Cela ne m'avance pas de tout. Je hoche la tête quand même.

— Pour faire simple, la politique est un parasite qui utilise l'économie et la religion pour asservir le monde.

Il pense sûrement avoir tout expliqué avec cette comparaison mais il n'en est rien.

— Pour en revenir à notre discussion extérieure, et enfin raccrocher les charrettes, les hommes qui ont compris que les dieux n'existaient pas utilisent la religion pour prendre le pouvoir.

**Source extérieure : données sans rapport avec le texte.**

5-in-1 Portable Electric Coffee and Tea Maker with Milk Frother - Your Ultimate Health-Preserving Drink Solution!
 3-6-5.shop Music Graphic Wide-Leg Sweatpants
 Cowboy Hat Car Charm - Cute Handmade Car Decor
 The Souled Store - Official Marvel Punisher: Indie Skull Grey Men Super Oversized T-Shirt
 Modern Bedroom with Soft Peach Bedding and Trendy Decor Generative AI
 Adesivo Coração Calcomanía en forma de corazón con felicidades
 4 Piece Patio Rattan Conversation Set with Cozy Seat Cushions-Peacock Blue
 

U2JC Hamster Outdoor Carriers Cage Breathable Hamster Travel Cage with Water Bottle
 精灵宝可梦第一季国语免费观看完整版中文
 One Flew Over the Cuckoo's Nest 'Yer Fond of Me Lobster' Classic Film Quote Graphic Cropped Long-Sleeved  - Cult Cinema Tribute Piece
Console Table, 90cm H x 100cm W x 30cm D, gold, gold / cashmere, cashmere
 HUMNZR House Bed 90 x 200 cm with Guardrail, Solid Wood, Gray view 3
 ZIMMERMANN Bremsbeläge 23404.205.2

Son visage s'assombrit, le temps s'arrête un instant et d'une voix plus grave, il dit :

— Ils font croire par le biais d'ouvrages soi-disant ancestraux, véridiques, ou magiques, que les dieux ont existé, qu'ils sont partis car l'Homme, fruit de leur création, est devenu indigne de leur présence. Fautif, il le paye à coup de tempête, de catastrophe, de maladie. Pour se racheter de tous nos péchés, nous leur devons obéissance aveugle, don de soi et surtout tout ce qui a de la valeur.

Je comprends mieux maintenant, mais j'ai besoin d'éclaircissements encore :

— Tu veux dire que tu penses que les vieux livres ne sont pas de vieux livres et que c'est quelqu'un qui les écrit pour diriger le peuple à son profit. C'est tordu, non ?

— Oh non, je ne le pense pas... J'en suis sûr. Je l'ai vu de mes yeux.

Décidément, ce petit bonhomme a la maitrise du suspens. Et cela a un peu le don de m'énerver. Je dois jouer aux devinettes encore, et je ne suis vraiment pas douée :

— OH ! C'est toi? Je suis choquée de ma découverte.

— Mais, elle le fait exprès ou quoi ? Il questionne Neira qui hausse les épaules.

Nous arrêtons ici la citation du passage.